Stellar is the latest currency scheme from the tech world to help move the financial system into the present. It’s being financed by Stripe, the online payment system amongst others. The open-source decentralized system facilitates sending and receiving money in multiple currencies. For example, you can send US dollars to a friend or family member in Mexico and it’ll be received as Pesos.

The transactions can be peer-to-peer or use a middleman known as a Gateway. The gateways help create a more convenient tracking system of your transactions. Sort of like how a traditional bank acts as a gateway to help you store and track your transactions. But because Stellar is an open protocol, anyone can be a gateway.

While it’s a money system made “for the people,” it’s important that you trust the gateway you’re using says Kim. You should trust a gateway in the same way you would trust an established banking institution. “If it’s like mybank.net, you shouldn’t trust that element,” she says.

To start sending money, you make a deposit in a gateway like you would a traditional bank. For example, if you deposit $200 in a gateway it is now credit in your account. Then with that credit you could send $50 to your family in Mexico, and $100 to your friend in Japan. Both parties will receive credit in their accounts. When anyone wants to “cash out,” they trade the credits with gateway for the corresponding currency. The system replies heavily on gateways.

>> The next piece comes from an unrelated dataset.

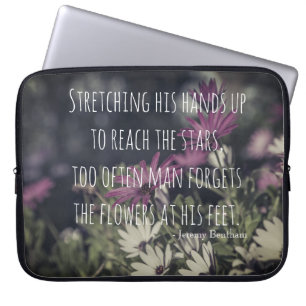 Inspirerend Jeremy Bentham Citaat Laptop Sleeve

Fortunately, Stellar has already generated a ton of buzz in the financial and developer world. “We’ve gotten tons of emails about it and its IRC chatroom is full of people talking about what they want to do with it,” Kim told TNW. So don’t be surprised when a gateway from a company you trust pops up.

Since Stellar is open source, developers can build payment and transaction apps around the service. Someone could build a Venmo-like app to send money to friends in other countries and not worry about dealing with converting the cash. But, not all countries have an easy way to convert one currency to another. Maybe there isn’t an easy way to convert Euros to Kenyan shillings. That’s where the virtual currency comes in.

Called stellars, the virtual currency acts as a link between currencies during a transaction. When two currencies can not be directly converted, stellars make it happen. “It’s the water that connects those two islands together,” says Kim. Which is why Stellar is giving the currency away for free as an access tool.

On its FAQ, Stellar states:

The hope is that the stellar currency itself will be mostly a behind-the-scenes currency, and that the Stellar network will help provide more liquidity between currencies.

Each transaction costs 10 microstellars (0.00001 stellars) which is incredibly cheap when you factor in that if you signup for Stellar right now, you get 5,000 stellars. There’s an initial cache of 100 billion stellars and every year, that will increase by one percent. Currently, stellars have no actual value, but that can change over time if the system takes off.

Considering how much of Silicon Valley is made up of immigrants hoping to make a better life for themselves here in the United States in the tech-sector gold rush, and that many of those folks send money home to their families, a system like Stellar could take off pretty quickly. And it if does, it could grow internationally and suddenly you don’t have to visit Western Union to wire money to your family, like you’re still living in the old west.

➤ Introducing Stellar

Correction: An earlier version of this article indicated that Stellar was from the Stripe team. Stripe is an investor.